» Your goal
An exact transcription of each entry below is required, without any pictures.

» Supplied information

⁂

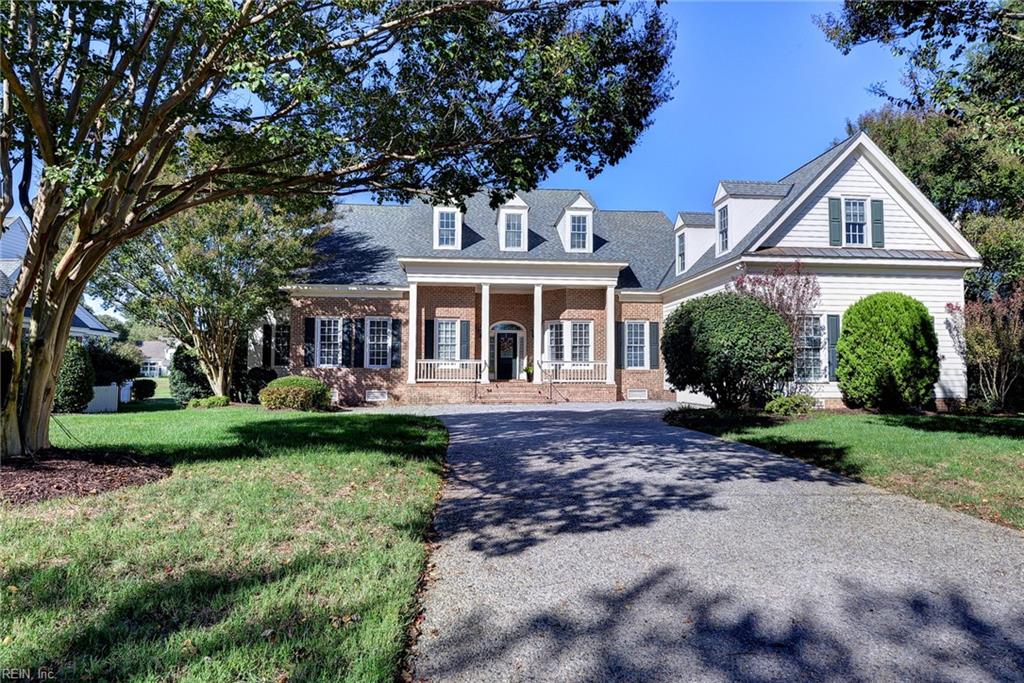 1625 Founders Hl N Property Photo 1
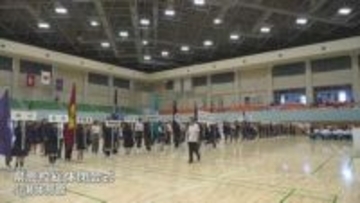 山梨県高校総体 閉会式　学校対抗は山梨学院がアベック優勝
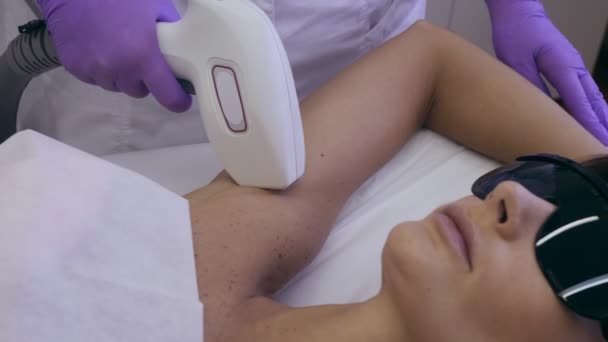 Vrouw krijgt laser ontharing bij schoonheidssalon. — Stockvideo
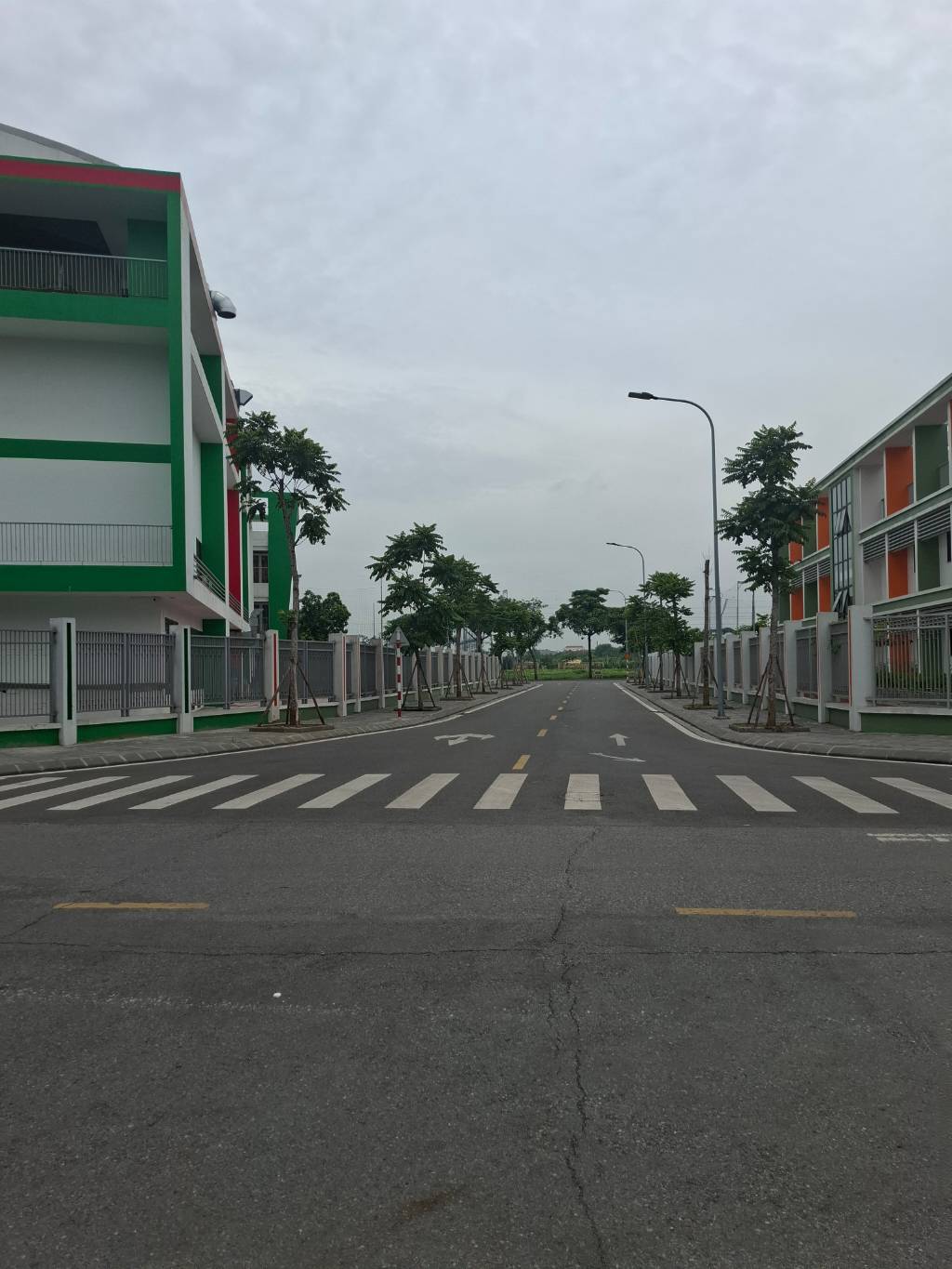 Bán nhà mới Việt Hưng vài bước ra ô tô tránh - 5 tầng DT 50m2 gần BigC, cầu Trần Hưng Đạo 5.8 tỷ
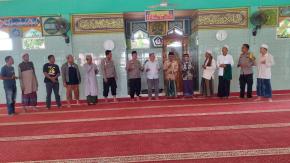 Kapolsek Tempuran bersama Camat Kecamatan Tempuran melaksanakan Doa Bersama untuk Alm. Affan Kurniawan dan keselamatan Bangsa.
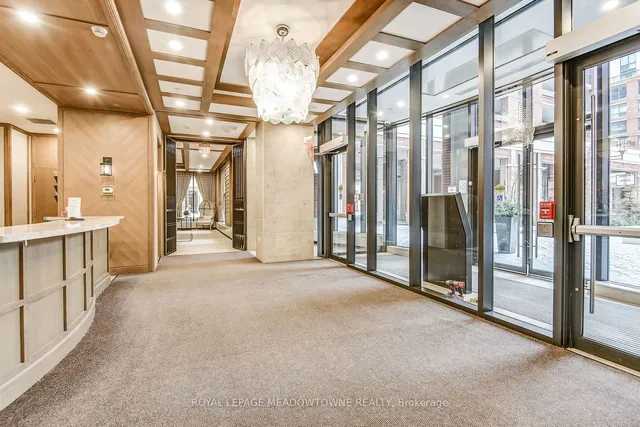 830 Lawrence Ave Unit 825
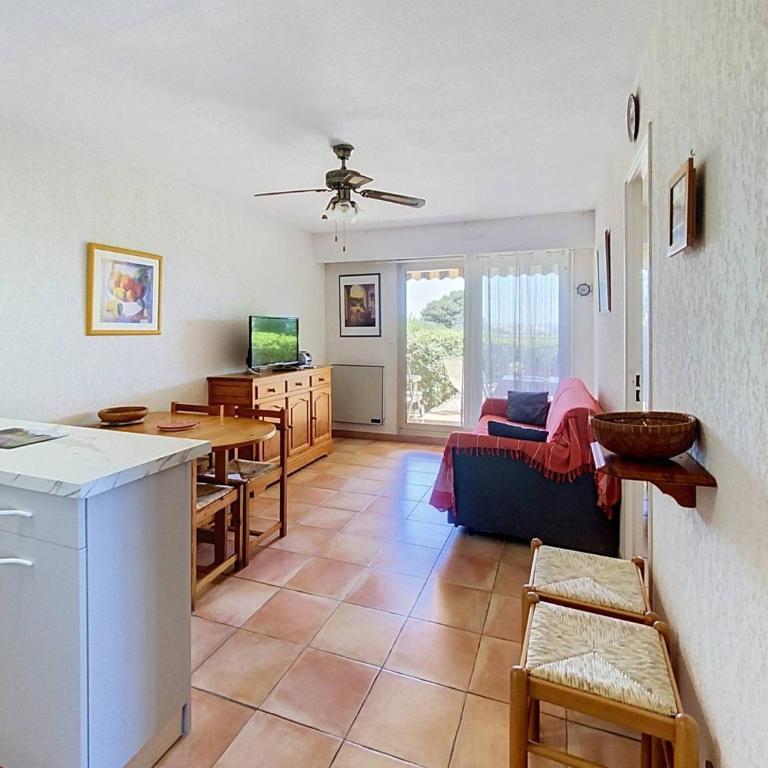 T2 cabine avec terrasse à La Favière, proche plages et commerces - FR-1-610-20 - Appartement (4 Adultes) - 14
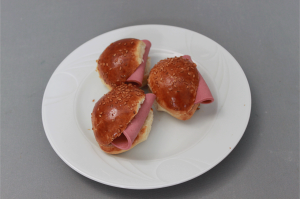 Salamlı Mini Sandivic  (en az 2 kg ) (ön sipariş ile)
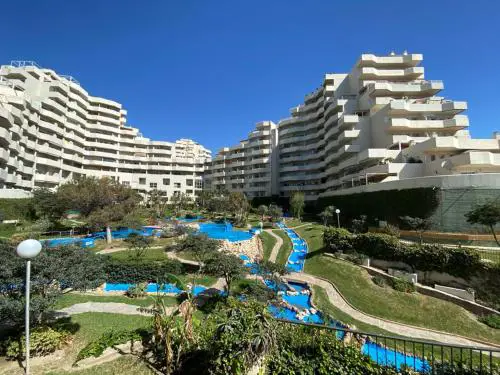 Apartamentos Benalbeach by Benalnova
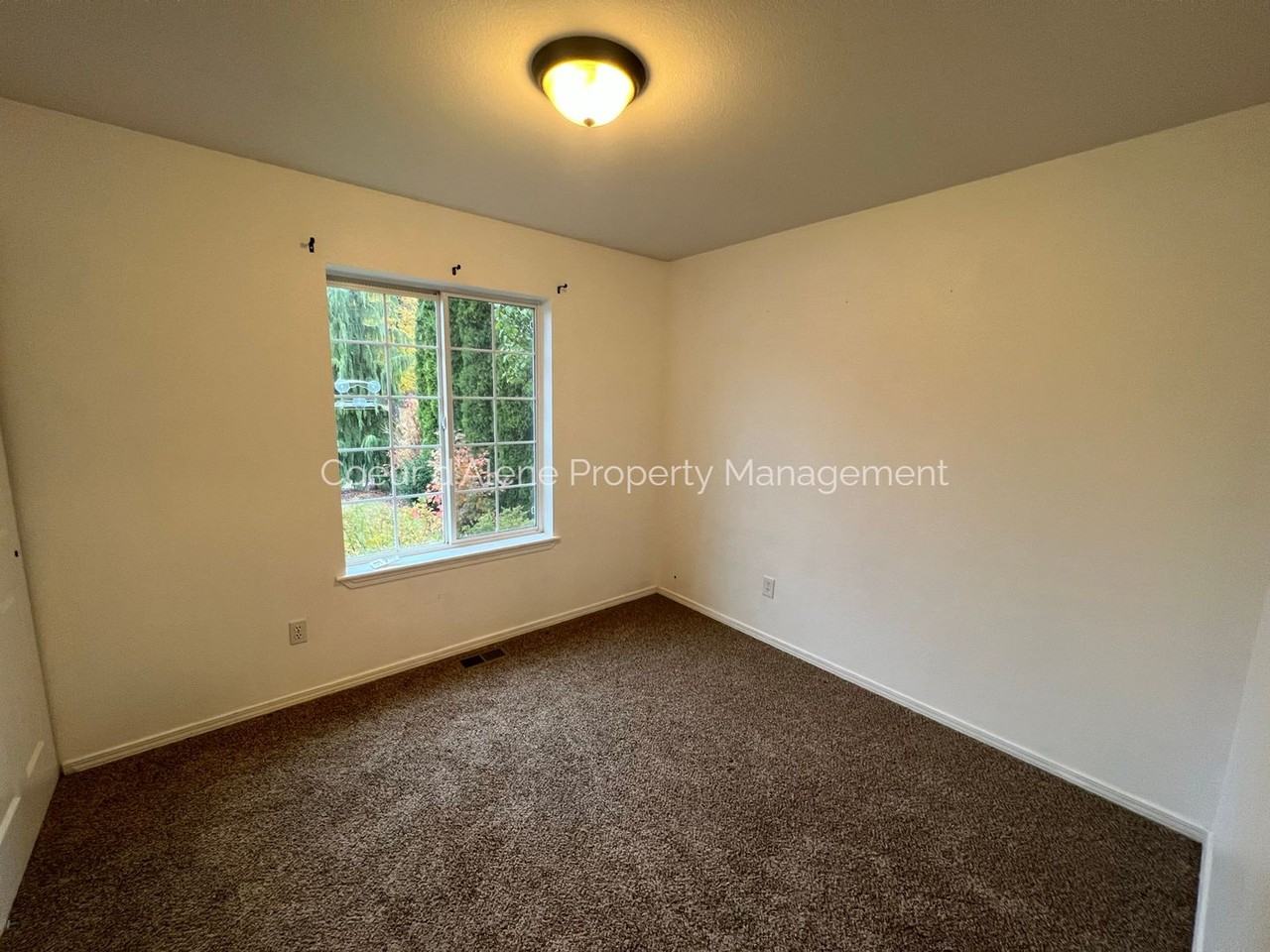 6720 W Legacy Dr - Photo 4 of 11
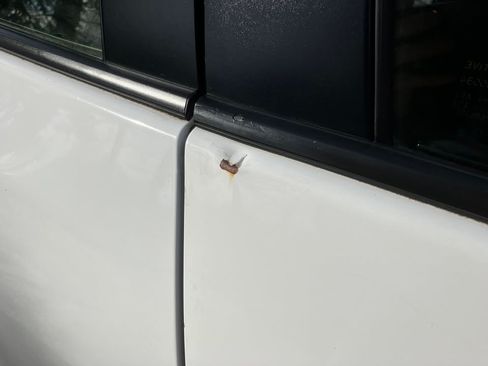 Used 2022 Toyota Prius LE image 14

⁂

» Task result
 1625 Founders Hl N Property Photo 1
 山梨県高校総体 閉会式　学校対抗は山梨学院がアベック優勝
 Vrouw krijgt laser ontharing bij schoonheidssalon. — Stockvideo
 Bán nhà mới Việt Hưng vài bước ra ô tô tránh - 5 tầng DT 50m2 gần BigC, cầu Trần Hưng Đạo 5.8 tỷ
 Kapolsek Tempuran bersama Camat Kecamatan Tempuran melaksanakan Doa Bersama untuk Alm. Affan Kurniawan dan keselamatan Bangsa.
 830 Lawrence Ave Unit 825
 T2 cabine avec terrasse à La Favière, proche plages et commerces - FR-1-610-20 - Appartement (4 Adultes) - 14
 Salamlı Mini Sandivic  (en az 2 kg ) (ön sipariş ile)
 Apartamentos Benalbeach by Benalnova
 6720 W Legacy Dr - Photo 4 of 11
 Used 2022 Toyota Prius LE image 14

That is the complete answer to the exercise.